Mount Jerome Cemetery | |
---|---|
Reilig Chnocán Iaróm | |
Details | |
Established | 1836 |
Location | 158 Harold's Cross Road, Harold's Cross, Dublin |
Country | Ireland |
Coordinates | 53°19′29″N 6°17′03″W / 53.32472°N 6.28417°W |
Type | garden cemetery |
Owned by | General Cemetery Company of Dublin |
Size | 20.2 ha (50 acres) |
No. of graves | Over 300,000 |
Website | mountjerome |
Find a Grave | Mount Jerome Cemetery |
Mount Jerome Cemetery & Crematorium (Irish: Reilig Chnocán Iaróm) is situated in Harold's Cross on the south side of Dublin, Ireland.[1] Since its foundation in 1836, it has witnessed over 300,000 burials. Originally an exclusively Protestant cemetery, Roman Catholics have also been buried there since the 1920s.
History
The name of the cemetery comes from an estate established there by the Reverend Stephen Jerome, who in 1639 was vicar of St.

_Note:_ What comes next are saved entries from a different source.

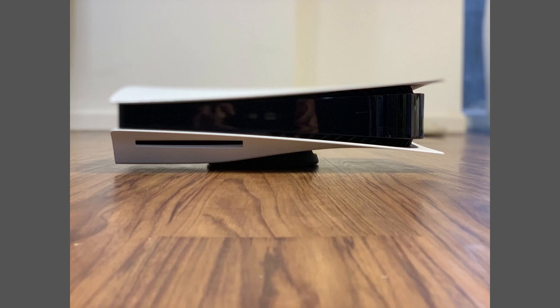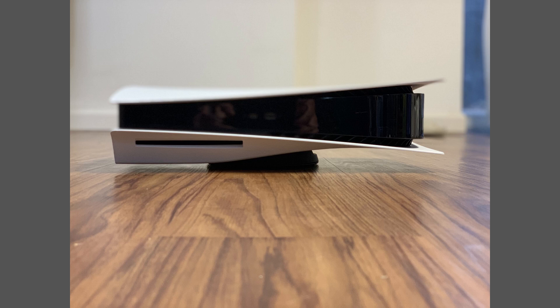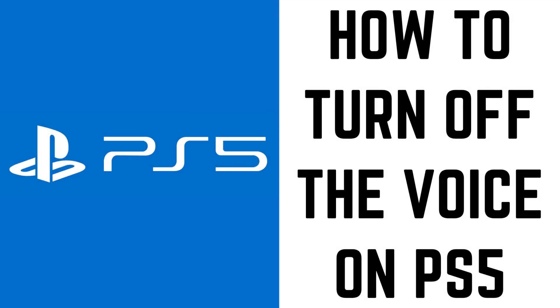Whether you missed turning the voice reader off during the PS5 setup process, or you decided to try the voice reader and have decided you're not a fan, turning the voice on your PS5 off is easy. Now let's walk through the steps to turn off the voice narrator on your PS5.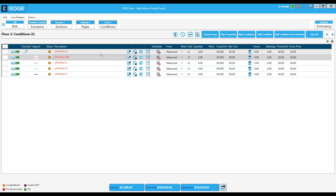That wraps up today's webinar on the condition schedule. We can see it really could be a time saver and a convenience with multiple conditions and pages. The most critical element to remember is to read those prompts — they are instructing you on what is about to happen, and we really need to follow them thoroughly. The best time to use the schedule is from the start of the job. Thank you all for your time and I'm going to turn this back over to Tammy with any questions.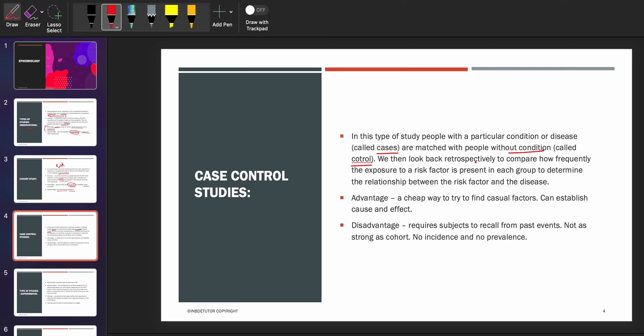The advantage of case control studies is that it is a cheap way to try to find causal factors and it can establish cause and effect. The disadvantage is that it requires subjects to recall from the past and is not as strong as cohort. It does not give any idea about incidence or prevalence. Because people have to recall, the bias associated with case control studies is the recall bias — a very important point.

Kevin's Parish. At that time, Harold's Cross was part of St. Kevin's Parish. In the latter half of the 17th century, the land passed into the ownership of the Earl of Meath, who in turn leased plots to prominent Dublin families. A house, Mount Jerome House, was constructed in one of these plots, and leased to John Keogh. In 1834, after an aborted attempt to set up a cemetery in the Phoenix Park, the General Cemetery Company of Dublin bought the Mount Jerome property, "for establishing a general cemetery in the neighbourhood of the city of Dublin".[2]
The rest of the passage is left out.